▲イラスト=李撤元(イ・チョルウォン)

 ローマ帝国が東西に分かれた際に宗教も少し変容した。元々東ローマ帝国で信仰されていたのは正教会だが、この正教会がロシアに伝わったのはキエフ公国のウラジーミル1世の時だった。東ローマ帝国の皇帝が反乱を鎮圧する軍隊の派遣をウラジーミル1世に要請したところ、ウラジーミル1世は東ローマ帝国の皇族女性との結婚を条件とした。すると東ローマ皇帝の娘アンナが「正教会を受け入れれば結婚に応じる」と伝えてきたため、宗教の求心点を求めていたウラジーミルはこれを受け入れた。その後東ローマ帝国が15世紀にオスマン帝国の侵略により滅亡すると、ロシアは正教会の主導権を握った。今も全世界3億人の正教会信者のうちロシア正教会の信者は1億人といわれる。

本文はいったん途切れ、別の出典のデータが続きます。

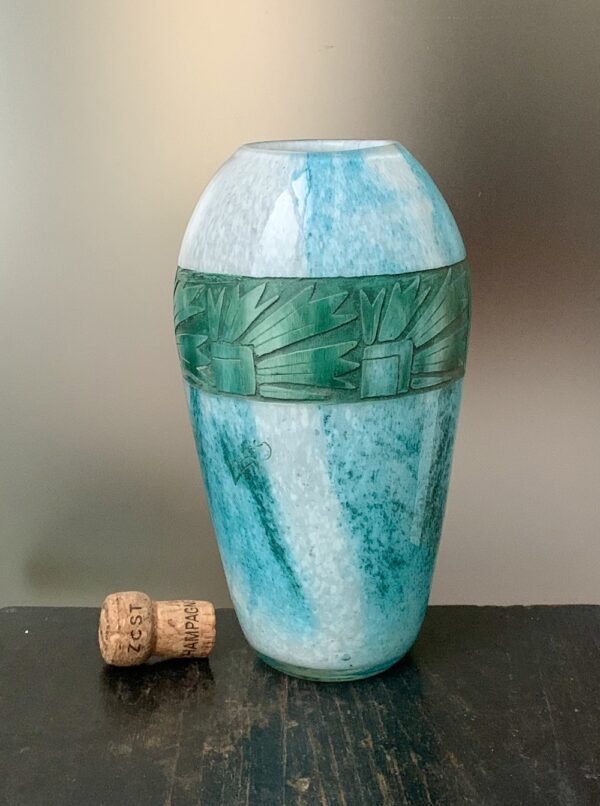 Majestueux vase Legras Art Déco au décor géométrique bleu-vert Ref L361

 ロシア正教会とウクライナ正教会は長い間一つの家族のようなものだった。ところがロシアによる差別で双方は分裂した。まずスターリンによる食糧の収奪があり、その後ロシアによる2011年のクリミア半島併合などで関係がさらに悪化した。プーチン大統領に熱烈に追従するモスクワの大主教は侵略戦争を「聖戦」と呼び、ウクライナに侵攻する戦車に聖水をかけたため、これにウクライナ正教会は強く反発した。他国の正教会もウクライナ正教会の独立を認めた。

 ロシア人の信仰心は深い。宗教をアヘンだとか麻薬などとレッテル貼りしたソ連共産党でさえ正教会をなくすことはできなかった。これには政治権力に追従してきたロシア正教会の歴史も影響している。正教会は世俗化した西欧の教会とは違い民衆を精神的に支配していたため、強大な権力を求めていた18世紀のピョートル大帝はモスクワ総主教庁を廃し、皇帝権力のコントロールの下に置かれた聖務会院を設置して教会を掌握した。ピョートル大帝をロールモデルとし終身大統領の道を開いたプーチン大統領もロシア正教会の影響力を統治に利用している。プーチン大統領は自らを篤実な信者だと言い、宗教行事にも熱心に参加している。

 世界で宗教を最も敵対視している国は北朝鮮だろう。北朝鮮では聖書を目にするだけで生き延びることさえ難しい。脱北者が強制送還されると通常は労働教化刑だが、中国で牧師に会っていた事実が分かると、政治犯収容所行きか処刑になる。ところがその北朝鮮でも平壌に聖堂、寺、教会がある。外国に見せるための演劇舞台だ。

 先週北朝鮮を訪問したプーチン大統領は故・金正日(キム・ジョンイル)総書記が建てた平壌正教会の聖堂を訪れ、宗教画をプレゼントした。他国を侵略し、数多くの女性や子供を殺害した独裁者が宗教の存在しない国の偽物の聖堂に行くのは奇怪な現象だ。これをきっかけにロシア正教会が韓国と北朝鮮を同時に管理する教区長を5年前に任命していた事実も明らかになった。その教区長が北朝鮮政権に対して最低限の「宗教の自由」を要求したか気になるところだ。